We began thinking: If we could network our hosts into some form of Distributed File System, we could each gain geographically distributed backups of our complete data sets while achieving higher utilization of the storage capacity we have. The perfect solution... we think.

  1. There are at least 3 of us. Surely 6 or more if the project yields fruit.
  2. Each of us has 1-2TB of data, and at least that much to spare.
  3. We're all spread out over WAN.
  4. We'd need the ability for any host(s) to enter and leave the cloud service arbitrarily.
  5. Real(ish)-time synchronization. Otherwise we'd just meet up once a week over beers and trade around a pile of external HDDs.
  6. F/OSS is requisite, but we have plenty of elbow grease.
  7. If we can use/learn/leverage a distributed computing platform in the process, so much the better.

We started out thinking about building a Dropbox-esque interface on top of OpenStack or Hadoop, but I'd like to hear if there are other alternatives out there which we're ignoring. Perhaps for our case there is an even simpler solution? Is something like this even feasible, given the low number of nodes per cluster?

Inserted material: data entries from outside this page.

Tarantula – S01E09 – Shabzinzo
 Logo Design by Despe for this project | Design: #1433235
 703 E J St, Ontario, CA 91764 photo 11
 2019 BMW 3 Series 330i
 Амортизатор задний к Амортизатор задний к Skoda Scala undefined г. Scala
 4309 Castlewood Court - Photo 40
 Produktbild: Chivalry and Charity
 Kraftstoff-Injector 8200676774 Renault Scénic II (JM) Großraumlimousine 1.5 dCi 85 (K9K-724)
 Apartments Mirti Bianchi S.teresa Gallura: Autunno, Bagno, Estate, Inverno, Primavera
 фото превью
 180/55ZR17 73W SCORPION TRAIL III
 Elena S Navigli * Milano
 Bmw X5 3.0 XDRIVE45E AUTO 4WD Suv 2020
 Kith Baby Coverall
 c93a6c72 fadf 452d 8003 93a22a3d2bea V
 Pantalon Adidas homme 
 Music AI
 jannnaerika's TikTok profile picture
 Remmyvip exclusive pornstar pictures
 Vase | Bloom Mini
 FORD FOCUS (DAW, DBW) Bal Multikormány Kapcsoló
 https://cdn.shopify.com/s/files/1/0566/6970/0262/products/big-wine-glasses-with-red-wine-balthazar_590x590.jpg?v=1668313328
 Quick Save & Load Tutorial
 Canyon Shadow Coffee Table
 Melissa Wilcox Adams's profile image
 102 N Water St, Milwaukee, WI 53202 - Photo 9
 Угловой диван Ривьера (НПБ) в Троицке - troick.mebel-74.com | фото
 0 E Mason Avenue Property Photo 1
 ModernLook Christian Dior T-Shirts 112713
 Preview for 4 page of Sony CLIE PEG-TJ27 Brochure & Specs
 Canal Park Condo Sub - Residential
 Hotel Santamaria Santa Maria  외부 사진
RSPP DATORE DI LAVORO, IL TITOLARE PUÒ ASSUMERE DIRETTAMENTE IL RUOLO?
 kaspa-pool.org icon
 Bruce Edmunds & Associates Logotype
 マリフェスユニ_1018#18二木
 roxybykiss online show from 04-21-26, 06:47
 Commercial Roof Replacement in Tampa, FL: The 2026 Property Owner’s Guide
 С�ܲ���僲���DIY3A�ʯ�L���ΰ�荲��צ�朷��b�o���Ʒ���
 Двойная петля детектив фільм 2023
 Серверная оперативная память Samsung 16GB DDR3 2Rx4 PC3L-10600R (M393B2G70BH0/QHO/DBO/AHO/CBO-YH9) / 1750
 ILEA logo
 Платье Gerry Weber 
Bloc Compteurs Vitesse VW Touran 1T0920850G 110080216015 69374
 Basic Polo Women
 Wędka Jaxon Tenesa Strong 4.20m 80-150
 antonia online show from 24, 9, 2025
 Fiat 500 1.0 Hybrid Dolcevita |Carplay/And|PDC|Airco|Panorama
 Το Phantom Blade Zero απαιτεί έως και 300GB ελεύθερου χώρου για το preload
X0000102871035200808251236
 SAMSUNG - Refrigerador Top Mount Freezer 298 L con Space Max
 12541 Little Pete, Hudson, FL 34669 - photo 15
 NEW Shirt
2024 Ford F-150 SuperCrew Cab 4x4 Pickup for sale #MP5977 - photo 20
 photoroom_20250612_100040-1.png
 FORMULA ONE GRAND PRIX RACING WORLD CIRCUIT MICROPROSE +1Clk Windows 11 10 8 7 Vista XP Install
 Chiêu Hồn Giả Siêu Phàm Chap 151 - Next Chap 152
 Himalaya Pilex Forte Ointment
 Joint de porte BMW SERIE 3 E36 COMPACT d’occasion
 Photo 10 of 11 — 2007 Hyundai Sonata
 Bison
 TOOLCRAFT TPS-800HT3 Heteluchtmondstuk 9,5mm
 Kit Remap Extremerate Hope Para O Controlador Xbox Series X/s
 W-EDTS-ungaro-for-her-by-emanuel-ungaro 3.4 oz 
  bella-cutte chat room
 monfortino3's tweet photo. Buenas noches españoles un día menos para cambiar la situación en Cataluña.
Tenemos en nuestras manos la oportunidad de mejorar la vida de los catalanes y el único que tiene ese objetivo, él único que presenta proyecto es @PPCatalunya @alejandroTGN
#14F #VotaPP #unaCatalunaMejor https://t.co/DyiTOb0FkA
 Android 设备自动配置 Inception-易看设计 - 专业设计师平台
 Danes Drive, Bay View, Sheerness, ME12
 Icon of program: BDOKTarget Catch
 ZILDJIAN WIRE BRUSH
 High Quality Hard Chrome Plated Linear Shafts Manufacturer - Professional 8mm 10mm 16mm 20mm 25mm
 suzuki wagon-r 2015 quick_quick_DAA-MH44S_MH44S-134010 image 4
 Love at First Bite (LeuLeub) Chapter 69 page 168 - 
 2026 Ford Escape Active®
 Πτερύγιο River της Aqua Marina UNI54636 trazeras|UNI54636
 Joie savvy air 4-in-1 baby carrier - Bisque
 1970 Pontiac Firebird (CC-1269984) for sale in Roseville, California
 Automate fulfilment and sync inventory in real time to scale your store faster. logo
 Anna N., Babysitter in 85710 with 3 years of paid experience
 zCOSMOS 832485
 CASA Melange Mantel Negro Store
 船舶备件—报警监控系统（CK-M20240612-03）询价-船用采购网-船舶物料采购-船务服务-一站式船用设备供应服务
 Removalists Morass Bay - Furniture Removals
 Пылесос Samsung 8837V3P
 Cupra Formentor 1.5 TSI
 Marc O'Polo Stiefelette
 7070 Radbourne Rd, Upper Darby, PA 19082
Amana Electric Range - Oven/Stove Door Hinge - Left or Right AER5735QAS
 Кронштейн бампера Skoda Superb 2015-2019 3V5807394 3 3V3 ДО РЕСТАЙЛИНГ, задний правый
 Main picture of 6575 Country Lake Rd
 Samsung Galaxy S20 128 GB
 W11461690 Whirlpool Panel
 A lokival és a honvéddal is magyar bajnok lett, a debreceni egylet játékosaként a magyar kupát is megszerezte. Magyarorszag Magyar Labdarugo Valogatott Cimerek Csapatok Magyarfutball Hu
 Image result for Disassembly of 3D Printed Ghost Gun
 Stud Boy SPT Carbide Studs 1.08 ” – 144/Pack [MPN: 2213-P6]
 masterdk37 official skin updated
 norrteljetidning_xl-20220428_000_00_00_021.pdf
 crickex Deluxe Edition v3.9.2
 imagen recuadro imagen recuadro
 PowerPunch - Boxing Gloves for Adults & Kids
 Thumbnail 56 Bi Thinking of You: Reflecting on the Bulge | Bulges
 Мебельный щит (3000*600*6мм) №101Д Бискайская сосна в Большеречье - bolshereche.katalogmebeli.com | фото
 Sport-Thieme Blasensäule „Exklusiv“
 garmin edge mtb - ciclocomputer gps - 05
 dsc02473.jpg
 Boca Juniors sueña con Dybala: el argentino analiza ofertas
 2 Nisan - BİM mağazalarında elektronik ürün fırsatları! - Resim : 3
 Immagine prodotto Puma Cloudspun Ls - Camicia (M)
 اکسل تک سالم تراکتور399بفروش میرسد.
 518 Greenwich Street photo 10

NB: Naturally the initial synchronization/balancing/transfer/etc will take days at the least, but that's acceptable.

user16511

Posted 2012-01-10T04:58:40.090

Reputation:

if it didn't need to be FOSS, i suspect crashplan would work perfectly for this. Even if it dosen't, they have some interesting ideas – Journeyman Geek – 2012-01-10T05:26:48.713

1@JourneymanGeek: Post as an answer and I'll accept. Doesn't seem like we're going to be able to F/OSS this thing with the hardware we've got (unless we custom-build the whole system). – None – 2012-04-25T15:14:14.563

Answers

1

Its not FOSS, but crashplan's a pretty good option for this. Dead simple to set up and run, but it'll handle 3 4 and 5 perfectly. Its dead simple to set up as well - install the client, set usable space, and add people who you want to allow to use that space.

Journeyman Geek

Posted 2012-01-10T04:58:40.090

Reputation: 119 122

2

I used sshfs on Ubuntu server and a simple rsync script via cron. Each host retains its own autonomy (even though I have root access in my configure across 3 hosts) and how often to replicate across nodes and to which nodes is also fully controllable. The amount of storage can be controlled via partition or quota, I chose partition simply because I am controlling all 3 hosts. A disadvantage comes with lack of replication frequency (synchronization) control. If a host syncs frequently it could over utilize bandwidth particularly if snapshots are used across the wan. Playing nicely with others and using kbps limits on the rsync commands are necessary.

Kam Salisbury

Posted 2012-01-10T04:58:40.090

Reputation: 21